Traditional fake wallet theft essentially shares wallet control with the victim so thieves cannot prevent the victim from transferring assets. However, based on multi-signature technology principles, thieves immediately add the victim’s address to multi-sign after the victim installs the fake wallet app. The wallet owner then cannot transfer assets in the wallet but can only make deposits. Thieves can transfer the assets at any time, usually depending on the amount of money.

4.1.2.2 Fake Telegram APP

Fake Telegram APP

A classic application of fake apps in crypto-related black and grey industries is the malicious backdoor implantation of the Telegram app, a social software commonly used by crypto investors, with many over-the-counter trading activities relying on it. Fraudsters use social engineering attacks to induce targets to “download” or “update” fake Telegram apps. Once the target user pastes a blockchain address in the chat box, the malicious software recognizes and replaces it with a malicious address, causing the counterparty to send funds to the malicious address unknowingly.

4.1.3 Third-Party Payment Guarantees

Third-party payment guarantee refers to the process in which the buyer firstly pays the money to a third party that temporarily holds it. Once the buyer receives and checks the goods and notifies the third party, the third party pays the seller, completing the transaction. It involves a third party acting as a credit intermediary, temporarily overseeing the funds until the buyer confirms receipt of the goods. During this transaction process, the third-party intermediary charges a service fee.

Currently, some third-party payment guarantee platforms focusing on black and grey markets, in addition to traditional fiat channels, have started to commonly use Tether (mainly trc20-USDT) as the guarantee funds, providing payment guarantee services for transactions that include illegal currency exchange, illegal goods trading, illicit collection and payment services, and crypto transactions. Despite different transaction types, the transaction process is consistent.

Typically, the buyer or seller pays for ads about the payment guarantee platform in some specific websites, or the official Telegram group. The ads detail the type of transaction, requirements, payment methods, and other specifics.

After the buyer and seller’s negotiation, they rely on the platform’s customer service to set up a “dedicated group,” a private Telegram group used exclusively for transaction communication, including the buyer, seller, and bot. In principle, one-to-many transactions are not allowed, nor is the inclusion of unrelated individuals.
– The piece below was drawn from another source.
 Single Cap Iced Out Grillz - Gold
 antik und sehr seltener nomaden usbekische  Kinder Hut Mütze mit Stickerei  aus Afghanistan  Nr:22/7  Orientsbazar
The buyer must transfer the payment to the official account of the guarantee platform and provide proof. After the transaction officer confirms the receipt, they notify the seller to ship the goods. The seller then delivers the goods via ships and provides proof of shipment. The buyer will confirm receipt and t hen the transaction officer will release the funds. Upon receiving confirmation of receipts or instruction to release funds from the buyer, the transaction officer deducts a commission and releases the funds to the seller, providing proof of payment. Finally, the seller confirms receipt of the funds so

the transaction is complete.

 The official account of the guarantee platform

The platform does not assign a separate address for each transaction for fund isolation. Instead, all deposits within a certain period are sent to the same deposit address, resulting in this address directly receiving a large amount of funds involved in online gambling, black and grey market, and money laundering. The large scale of funds also obscures the direction of funds, creating obstacles for investigators tracking these activities.
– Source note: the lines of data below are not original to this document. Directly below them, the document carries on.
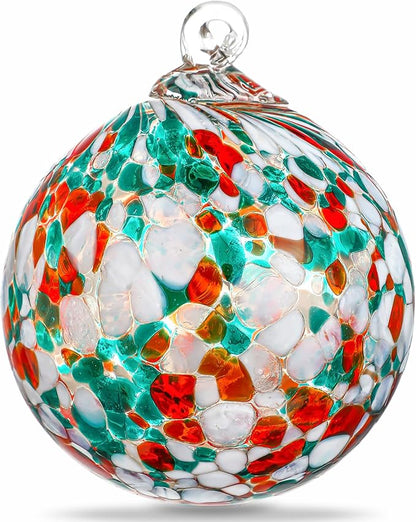 4" Blown Glass Gazing Ball Hanging Friendship Balls for Garden Patio Window Decoration Unique for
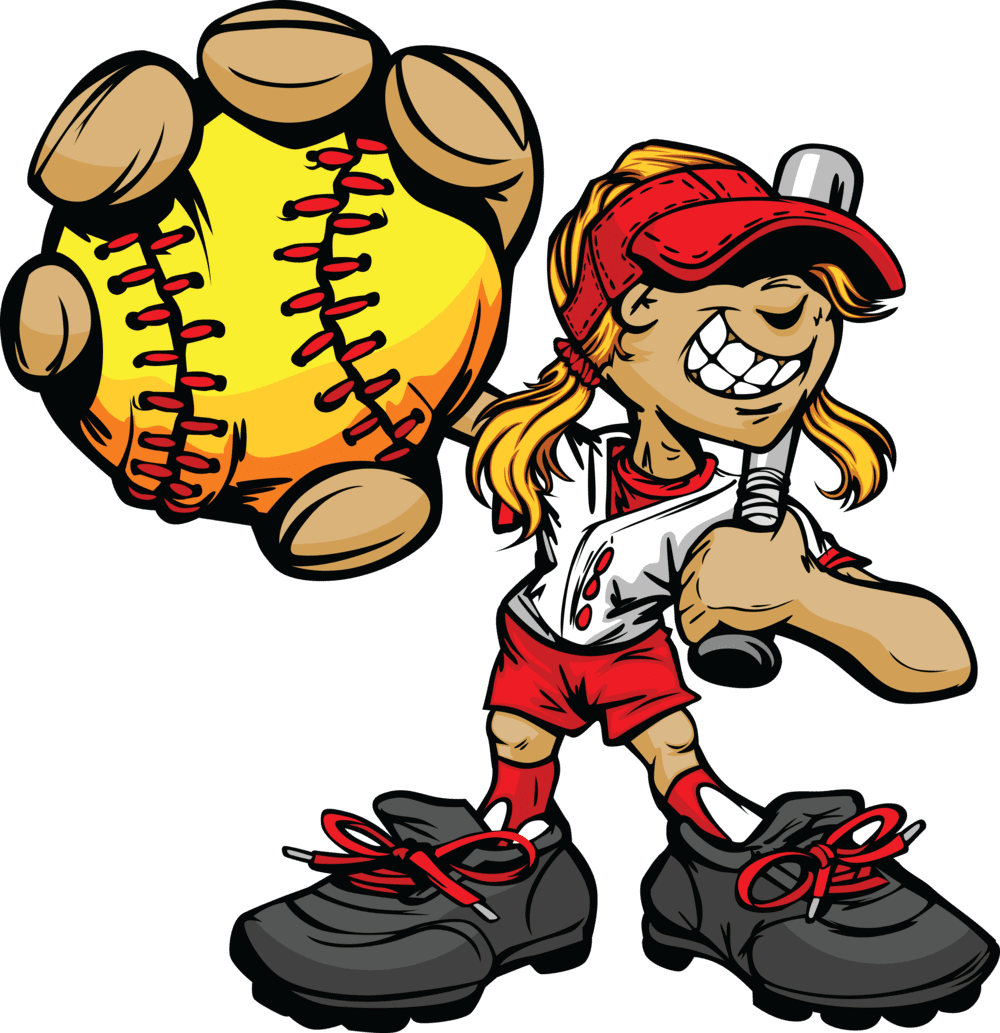 Softball pin page clipart logo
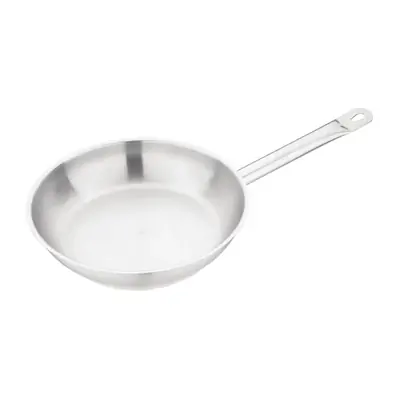 Vogue 24cm Stainless Steel Frying Pan | 240mm - 1.95Ltr Capacity
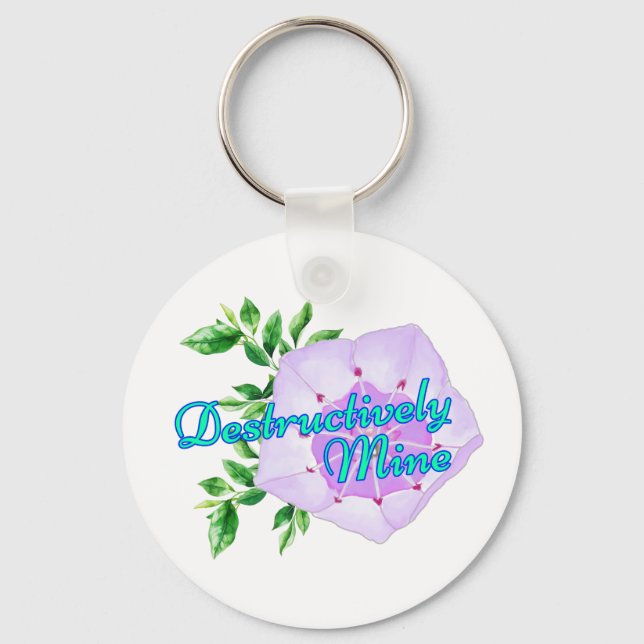 Destructively Mine Key Ring (Front)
Auditing a group of platform addresses that guarantee illegal transactions revealed that the scale of their guarantee funds has been growing over the past 12 months. All the addresses include over 17.07 billion USDT on the Tron network and over 670 million USDT on the Ethereum network, indicating that most of the illegal transactions guaranteed by these platforms occur on the Tron network.

4.2 The Cryptocurrency in New Forms of Black and Grey Market

4.2.1 Token Approval Theft

Token approval theft is illegal getting assets by acquiring management rights to another USDT address. Public chains like Tron and Ethereum allow users to transfer operational rights of certain assets in their wallets to other addresses and gain partial or complete management rights over the assets in that address.

This malicious currency theft is like a payment link, airdrop claim entrance, and other methods. Once the victim starts to interact, some asset in the address – usually USDT – will be lost later.

Thieves typically achieve this by tricking the target into clicking phishing links and running fraudulent smart contracts. As the victim’s wallet mnemonic phrase is not in this process, prompt revocation of authorization can mitigate some losses.

4.2.2 Zero-transfer Phishing

Zero-transfer phishing is a scam targeting crypto investors who use wallet uncarefully. By sending a large number of zero USDT transactions to unspecified blockchain addresses, the scam increases the interaction records of the target address. If the phishing link successfully copies an address from existing transfer records on a smart device while transferring to an  address, it may send funds to the wrong address, resulting in losses.

Bitrace analyzed many addresses on the Tron network marked as phishing addresses, defining transactions with less than 1 USDT as illegal activities and over 10 USDT as fraudulent gains.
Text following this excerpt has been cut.